What To Look For When Choosing Monitors By Andrew Goldberg
Published February 2020

Choosing Monitors

We cut through the hype to show you what really matters in speaker specifications.

It's often stated that the quality of a speaker is subjective, but studio monitors are measurement instruments: they measure the sound of your audio material, be it speech, music or sound effects. Measurement instruments should report exactly what they're measuring. If they report a value that's too high or low, decisions based on those values will be wrong or inappropriate. Consider a voltmeter that's used to measure a 9V battery. If the result is less than 8V, you have a dead battery, can put it in the recycling, and get a new one. Just below 9V tells you the battery needs replacing now or very soon.
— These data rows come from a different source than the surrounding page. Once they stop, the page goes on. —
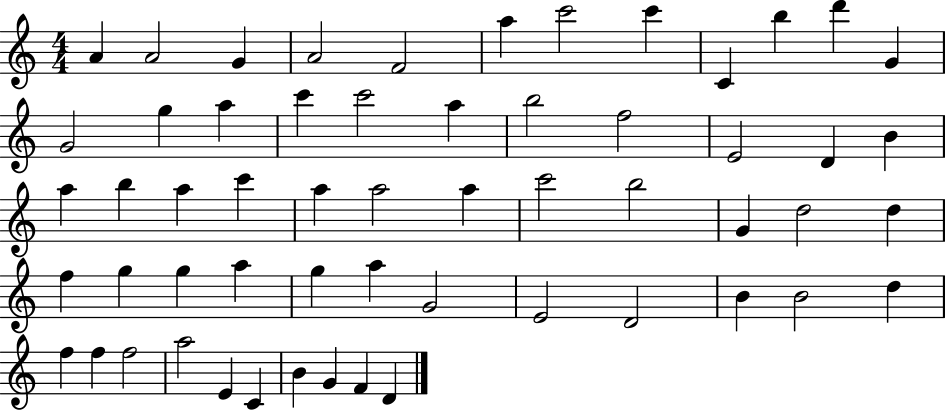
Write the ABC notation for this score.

X:1
T:Untitled
M:4/4
L:1/4
K:C
A A2 G A2 F2 a c'2 c' C b d' G G2 g a c' c'2 a b2 f2 E2 D B a b a c' a a2 a c'2 b2 G d2 d f g g a g a G2 E2 D2 B B2 d f f f2 a2 E C B G F D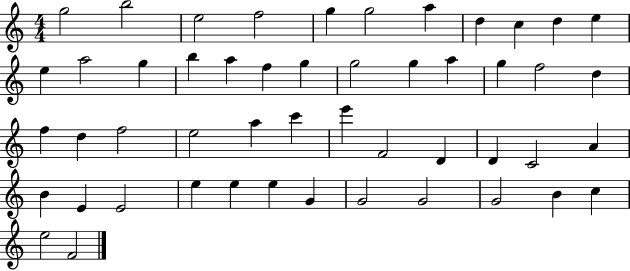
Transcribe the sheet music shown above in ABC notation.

X:1
T:Untitled
M:4/4
L:1/4
K:C
g2 b2 e2 f2 g g2 a d c d e e a2 g b a f g g2 g a g f2 d f d f2 e2 a c' e' F2 D D C2 A B E E2 e e e G G2 G2 G2 B c e2 F2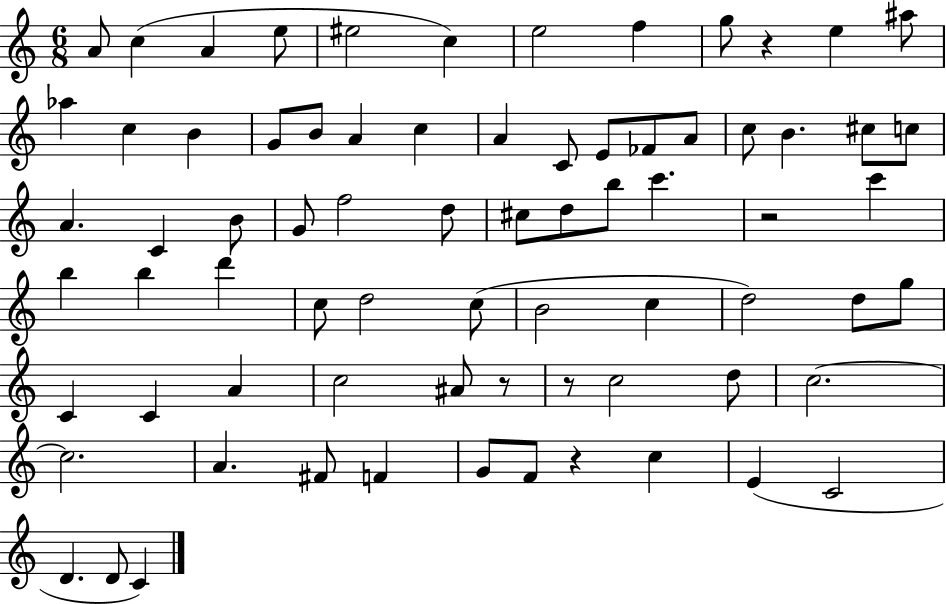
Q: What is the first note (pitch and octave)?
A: A4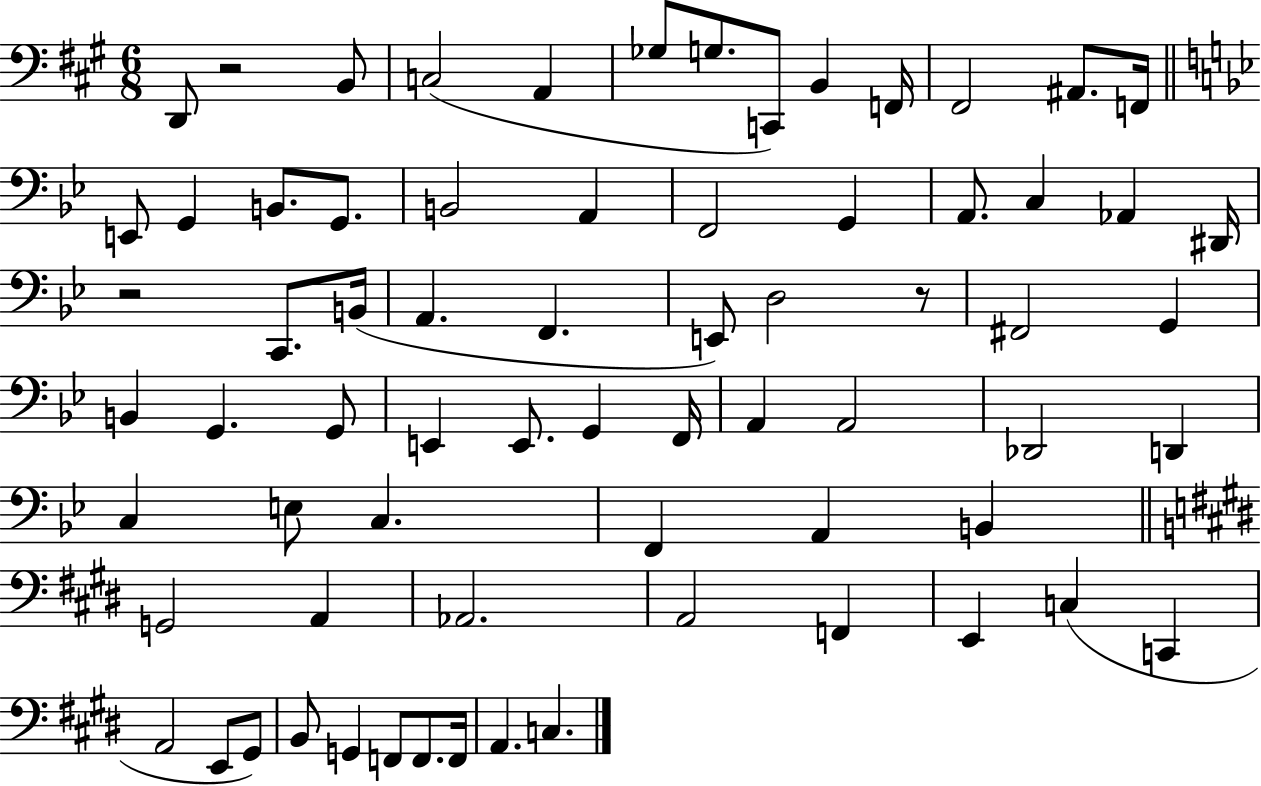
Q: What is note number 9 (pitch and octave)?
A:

Just over 9V gives you confidence that you can continue using the battery for some time. (If the reading is 12V, the meter is broken or you've discovered a new branch of physics!)

Peter Walker, of Quad fame, is often quoted as saying "If you do not like the output, take a look at the input," and he's right: if you don't like what a well-installed, good-quality monitor tells you is in your audio signal, it's your audio material that needs looking at.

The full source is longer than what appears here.